Phylogenetic analyses provide a wealth of information for the field of epidemiology. For SARS-CoV-2, they have been used by scientists to find the genomes of the closest animal viruses, to rule out the hypothesis that the virus was created by humans in a laboratory, and to obtain a broad idea of how the virus has moved between countries and continents over the earth's surface.
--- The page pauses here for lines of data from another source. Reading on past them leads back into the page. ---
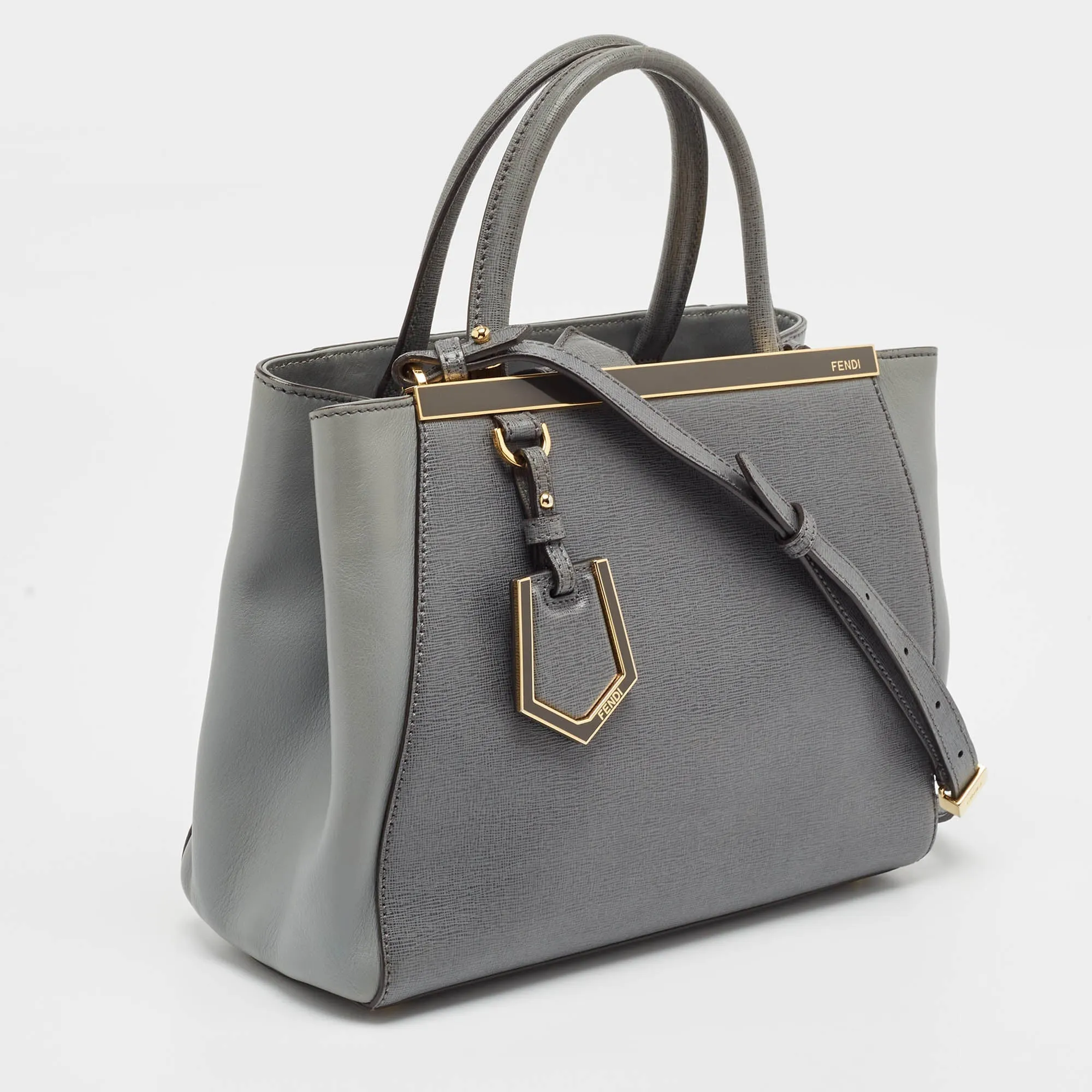 Fendi Grey Leather Mini 2Jours Tote
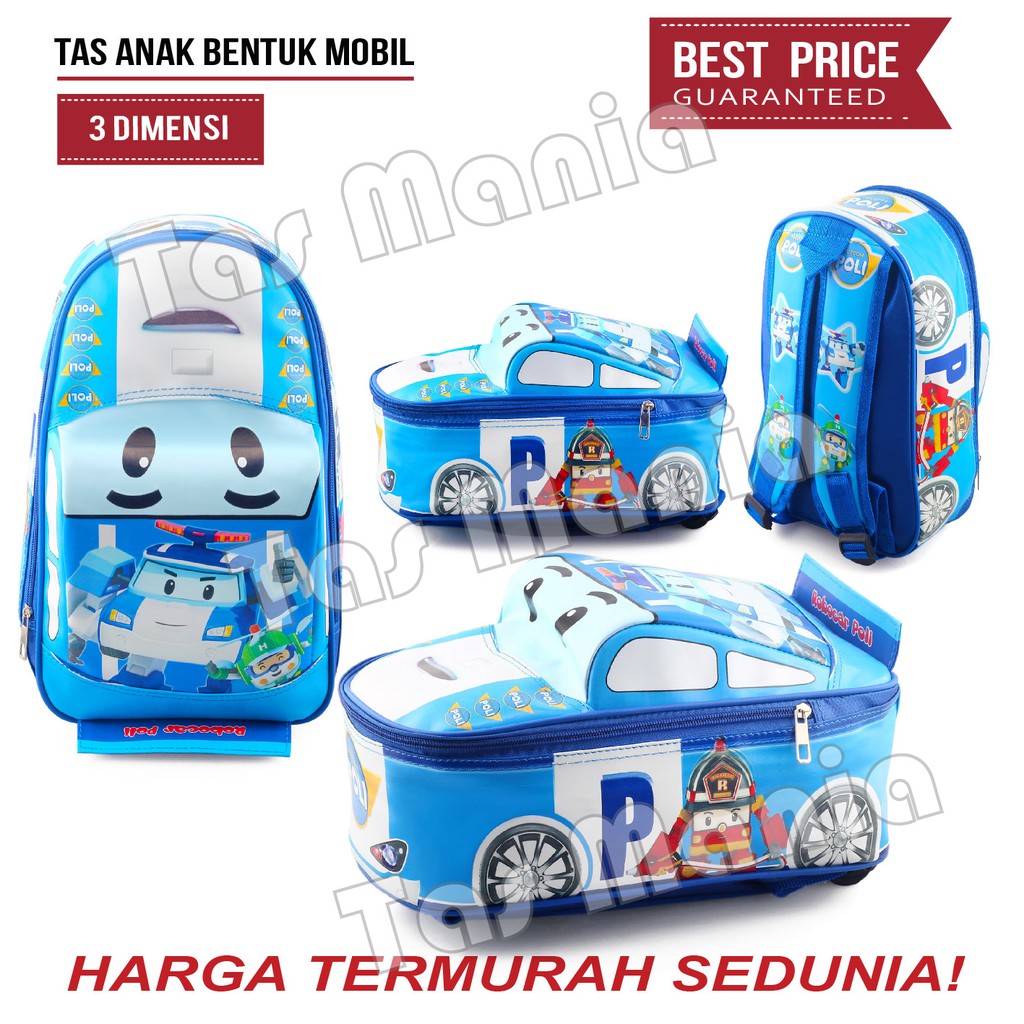 PTS -Tas Anak Cowo / Laki Laki Karakter - Bentuk Mobil - Ransel Sekolah Anak TK Tas Mobil On The Road .PT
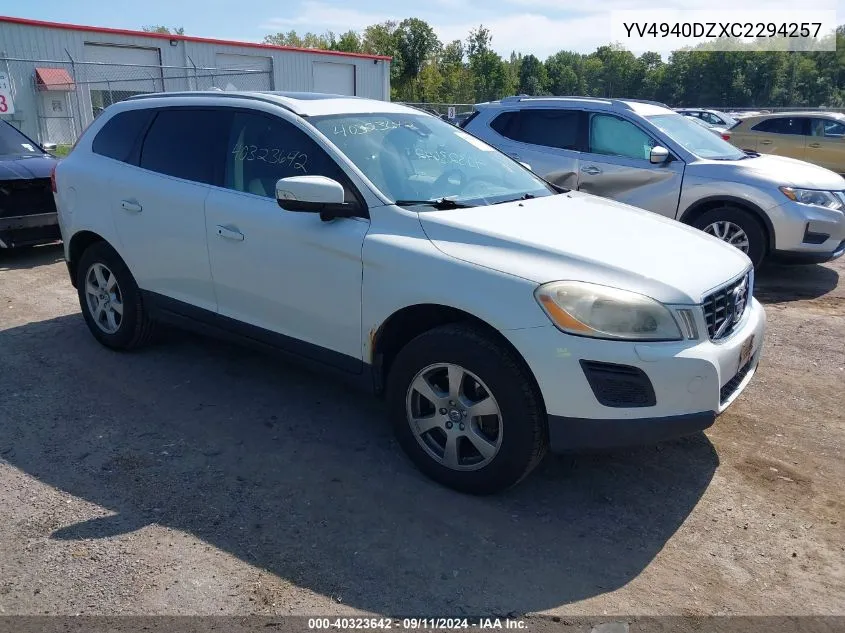 YV4940DZXC2294257 2012 Volvo Xc60 3.2/3.2 Platinum/3.2 Premier/3.2 Premier Plus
But they are based on hypotheses (such as geographical prevalence) and incomplete data (for example the rarity of Italian sequences). So we need to bear these limitations in mind, make them clear in scientific articles and reiterate them to journalists working for mainstream press outlets. In this respect phylogenetics is no different from other scientific approaches, but caution is particularly crucial when it comes to sensitive topics like the COVID-19 pandemic.
Sampling bias and incorrect rooting make phylogenetic network tracing of SARS-COV-2 infections unreliable, Proc Natl Acad Sci USA, May 7th ,2020
Mavian C, Pond SK, Marini S, Magalis BR, Vandamme AM, Dellicour S, Scarpino SV, Houldcroft C, Villabona-Arenas J, Paisie TK, Trovão NS, Boucher C, Zhang Y, Scheuermann RH, Gascuel O, Lam TT, Suchard MA, Abecasis A, Wilkinson E, de Oliveira T, Bento AI, Schmidt HA, Martin D, Hadfield J, Faria N, Grubaugh ND, Neher RA, Baele G, Lemey P, Stadler T, Albert J, Crandall KA, Leitner T, Stamatakis A, Prosperi M, Salemi M.
This study is part of the priority scientific area Emerging infectious diseases of the Institut Pasteur's strategic plan for 2019-2023.